Bewilligung einholen
Wer glaubt, das
Schafehüten sei ein leichtes, vergnügliches Handwerk, der irrt. Bevor mit der
Wanderung gestartet werden kann, müsse beim kantonalen Veterinäramt eine
Bewilligung eingeholt werden, erklärt Nyffeler. Jeder Hirte habe anzugeben, wie
viele Tiere er mitführt und welche Wanderroute er beabsichtigt. „Der Kanton Bern
teilt die Gebiete anschliessend den Hirten zu“. Nyffeler, der alle Jahre
wiederkommt, habe seinen Bezirk auf sicher. Neue Hirte müssten oft warten, bis einer
mit dem Wandern aufhört. Das Gras zur Fütterung der Schafe sei begrenzt.
Wandern bringt
Vor- und Nachteile
Konflikte mit Landwirten seien selten. Bauern die nicht wollen, dass ihr
Land überquert wird, würden sich meist vorgängig melden.
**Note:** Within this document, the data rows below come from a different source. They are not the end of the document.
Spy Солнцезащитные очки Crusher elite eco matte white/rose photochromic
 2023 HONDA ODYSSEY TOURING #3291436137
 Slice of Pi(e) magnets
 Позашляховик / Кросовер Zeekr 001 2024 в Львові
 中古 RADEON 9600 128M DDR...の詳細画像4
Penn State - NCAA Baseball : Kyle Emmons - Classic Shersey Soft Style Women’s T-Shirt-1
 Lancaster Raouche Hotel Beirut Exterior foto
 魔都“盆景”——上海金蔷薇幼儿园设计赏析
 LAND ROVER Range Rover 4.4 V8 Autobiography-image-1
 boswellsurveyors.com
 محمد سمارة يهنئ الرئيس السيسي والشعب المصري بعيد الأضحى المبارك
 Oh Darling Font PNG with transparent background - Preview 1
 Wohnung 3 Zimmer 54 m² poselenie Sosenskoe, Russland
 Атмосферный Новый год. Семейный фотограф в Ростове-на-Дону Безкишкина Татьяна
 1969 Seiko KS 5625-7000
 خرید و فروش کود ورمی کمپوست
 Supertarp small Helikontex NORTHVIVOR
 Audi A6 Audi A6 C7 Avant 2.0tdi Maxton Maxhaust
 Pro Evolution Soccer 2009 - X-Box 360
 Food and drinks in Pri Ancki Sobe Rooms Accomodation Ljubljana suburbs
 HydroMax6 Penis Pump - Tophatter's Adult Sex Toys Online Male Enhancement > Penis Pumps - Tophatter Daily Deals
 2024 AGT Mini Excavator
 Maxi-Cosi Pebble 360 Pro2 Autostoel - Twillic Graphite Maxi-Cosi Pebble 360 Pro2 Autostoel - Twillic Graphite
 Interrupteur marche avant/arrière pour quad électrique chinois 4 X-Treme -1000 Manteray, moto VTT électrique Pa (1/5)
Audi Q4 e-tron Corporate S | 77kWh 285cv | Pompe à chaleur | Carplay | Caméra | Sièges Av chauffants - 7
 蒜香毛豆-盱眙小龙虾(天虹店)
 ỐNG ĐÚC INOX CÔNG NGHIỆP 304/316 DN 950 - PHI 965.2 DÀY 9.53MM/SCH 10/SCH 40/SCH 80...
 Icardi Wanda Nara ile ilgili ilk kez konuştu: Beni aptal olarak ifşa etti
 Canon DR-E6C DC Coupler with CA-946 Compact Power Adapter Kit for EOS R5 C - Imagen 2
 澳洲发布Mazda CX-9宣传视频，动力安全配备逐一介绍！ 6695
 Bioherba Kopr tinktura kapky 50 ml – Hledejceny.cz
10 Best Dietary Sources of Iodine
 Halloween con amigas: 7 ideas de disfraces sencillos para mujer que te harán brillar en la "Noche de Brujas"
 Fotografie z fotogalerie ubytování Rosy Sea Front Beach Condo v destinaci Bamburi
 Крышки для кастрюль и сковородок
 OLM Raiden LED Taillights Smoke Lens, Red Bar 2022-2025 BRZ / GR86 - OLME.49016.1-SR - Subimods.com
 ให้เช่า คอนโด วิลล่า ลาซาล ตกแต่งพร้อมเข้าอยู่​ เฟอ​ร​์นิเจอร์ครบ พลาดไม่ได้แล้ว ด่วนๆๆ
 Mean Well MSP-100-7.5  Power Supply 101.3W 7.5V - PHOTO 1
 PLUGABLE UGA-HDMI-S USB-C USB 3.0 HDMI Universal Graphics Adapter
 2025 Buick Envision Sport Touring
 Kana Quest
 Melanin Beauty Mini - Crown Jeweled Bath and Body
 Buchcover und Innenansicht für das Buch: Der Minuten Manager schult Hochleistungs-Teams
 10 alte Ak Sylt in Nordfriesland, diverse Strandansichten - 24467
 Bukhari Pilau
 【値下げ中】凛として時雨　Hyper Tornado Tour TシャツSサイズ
Daran muss er sich halten. Gewisse befürchten,
dass die Grasnarbe beschädigt wird. Die Meinungen gehen jedoch auseinander. Nyffeler
sieht nur Vorteile: Der Dünger kräftige den Boden und die Hufe festigen ihn.
Gehe der Bestand zu hoch in den Winter oder bleiben Futterreste zurück, kann
der Wiederaustrieb im Frühjahr verzögert werden. Grasen die Schafe die Weiden
ab, wird genau dies verhindert.
Zudem sind Winterweiden eine Form der
artgerechten Tierhaltung und vom Konsumenten gern gesehen. Es dauert zwar
länger bis die Lämmer schlachtreif sind, dafür sei die Fleischqualität deutlich
besser als bei Tieren die im Stall ausgemästet werden. Und trotzdem: Die Abnehmer bezahlen nicht mehr. Aktuell gibt es kein Label dafür.
Wanderhirten haben in der Schweiz eine lange Tradition. Schafe, die den Sommer auf der Alp verbracht haben, wandern zwischen November und März mit den Wanderhirten durch das Schweizer Unterland. Heute sind nur noch 20 bis 30 Wanderhirten im Einsatz. sda
Den kalten Nächten
muss Nyffeler nicht trotzen. Vor dem Eindunkeln werden die Schafe eingezäunt.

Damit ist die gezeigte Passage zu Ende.